De gaude à droite : Richard Trèfle (Bellatrix), Vincent Tacita (Qualistat) et Fabrice Calabre (Cochon Plus).
En nos temps plus cléments, comment définir le génie guadeloupéen ? Comment le circonscrire ou en donner une recette opératoire ? Voilà ce que je dirais de notre génie contemporain : le génie tient en notre capacité à nous projeter dans le monde en portant notre identité en nous, au-devant de nous, à bout de bras. Pour la présenter au monde : « voilà ce que je suis ‘unapologetically’ » (j’aime ce mot), sans rougir, sans sourciller. Pour cela, il faut embrasser son histoire, au singulier comme au pluriel, personnelle ou collective. Être dans le monde c’est être un pointillé dans une longue ligne qui sans vous et sans celleux dont vous procédez et qui procéderont de vous, se brise.
Le génie guadeloupéen c’est incarner une guadeloupéanité, comme un étendard, comme une vérité absolue de notre appartenance à l’humanité.
Le génie guadeloupéen c’est notre science, nos savoirs et savoir-faire restitués, développés, réappropriés, accommodés, adaptés, recouvrés, innovés. C’est croire que ce que nous avons est immense, et plus que de le percevoir, le revendiquer. C’est reconnaître que nous n’avons pas besoin de calquer les modes de vie et la maestria de l’autre, que nous tenions en exemple. C’est porter par les actes aux yeux du monde que la maestria est également de notre cru : l’excellence guadeloupéenne. C’est ne point, ne plus, douter de notre valeur. C’est se figurer nos horizons et nos ambitions à l’aune de nos héros. C’est voir en chacun.e de nos compatriotes un exemple, un potentiel, un succès à l’œuvre.
Le génie guadeloupéen c’est incarner une guadeloupéanité, comme un étendard, comme une vérité absolue de notre appartenance à l’humanité. C’est dire que notre histoire ne nous réduit pas, mais qu’elle nous construit et nous donne une place enviable dans le monde.
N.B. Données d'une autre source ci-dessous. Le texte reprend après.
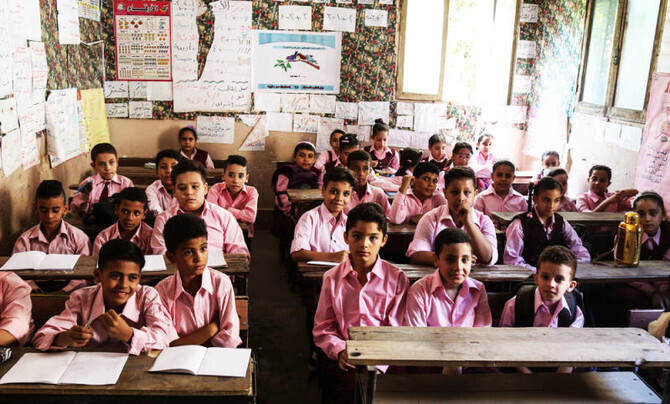 Los alumnos de las escuelas de Egipto aprenderán versículos de la religión judía por primera vez. (AP) Niños en una escuela de El Cairo, Egipto.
C’est ne pas rougir qu’une partie de nos ancêtres furent des AFRES (Africains.e.s Réduits en Esclavage), mais porter leur douleur en nous comme un moteur et retenir qu’ils furent – tout comme leur descendance, nos grands-parents et nos parents – dans l’adversité, les ingénieur.e.s de leur quotidien et de celui de celleux qu’ils ont servis.